Lydia, Micro Preemie and Blood Recipient
Lydia started first grade in 2017. She is smart, caring, and a proud big sister. But life hasn’t been easy for Lydia and her parents, Tony and Kristen Moser, because her story began in the Neonatal Intensive Care Unit (NICU).
Due to complications with preeclampsia, Lydia was born at 24 weeks gestation and needed five blood transfusions throughout her 5 ½ month stay in the NICU.
“Blood transfusions literally saved Lydia’s life,” said Kristen, recalling a few scary experiences in the NICU when the doctors believed she might die. “The transfusions were sometimes our last hope. We are very blessed blood was available when she needed it.”
Prior to Lydia’s birth, the Mosers hadn’t thought about the importance of blood donation. Now, Tony donates as often as he can.
“We are so grateful for the donors who selflessly take time to give blood. Until we had a very critically ill child, we didn’t realize the true value of blood donation,” Kristen said.
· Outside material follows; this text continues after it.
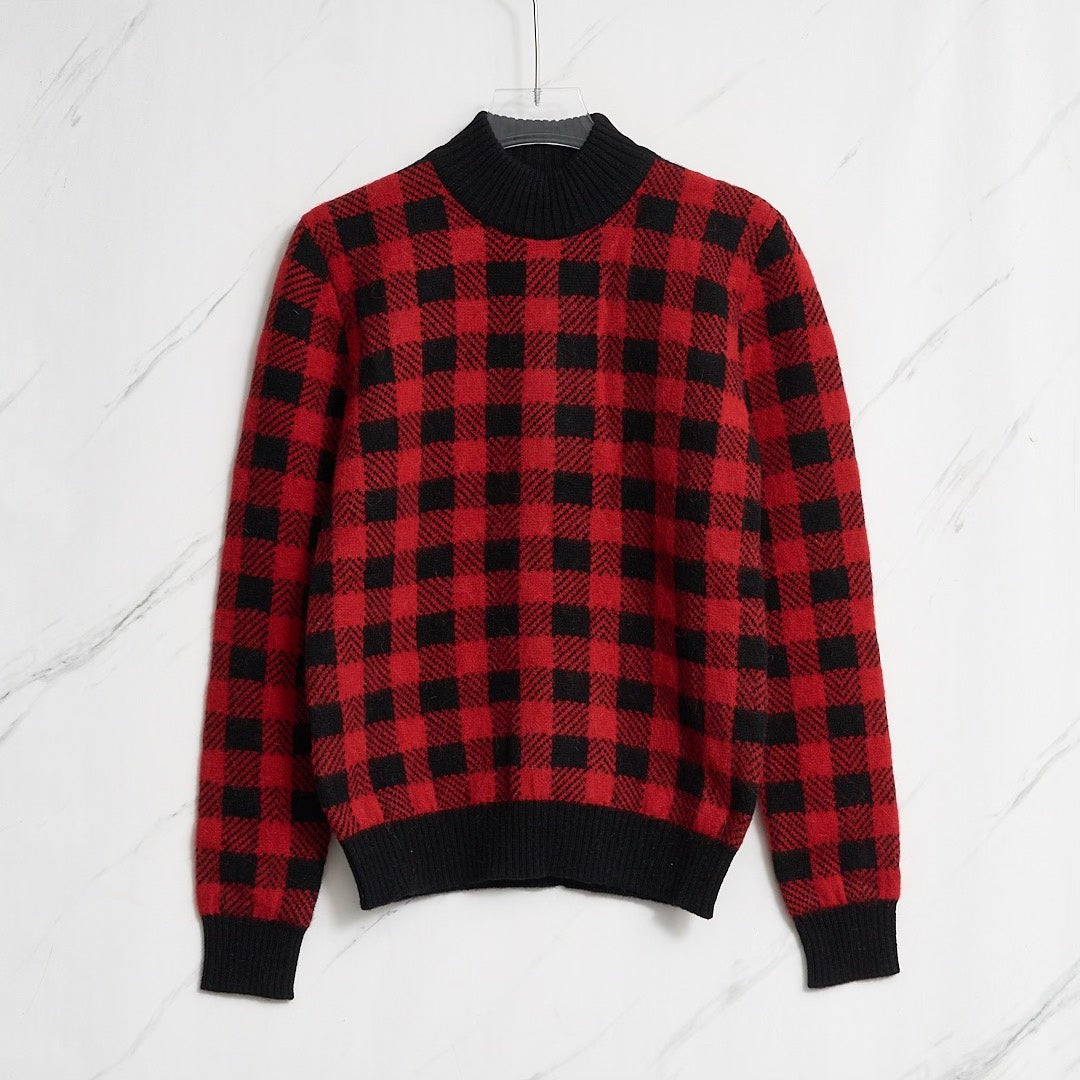 Saint Laurent Men's Checkered Knit Sweater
When Lydia was finally able to go home, complications from her premature birth continued. She has cerebral palsy and periventricular leukomalacia (PVL), which are holes in the white matter of her brain from prematurity. For the first five years of life, Lydia depended on oxygen off and on and still requires the use of a feeding tube. She has spent countless hours in physical therapy, but doesn’t let her diagnosis define her. She can walk with a walker, communicates through sign language, and will sometimes try solid foods.
“I didn’t know starting life like Lydia did was even possible,” Kristen said. “Educating others about prematurity, the risks and premature infant’s needs - like access to blood, I hope to give other parents a better chance at knowing what to expect and know there is hope when it might not seem like it.”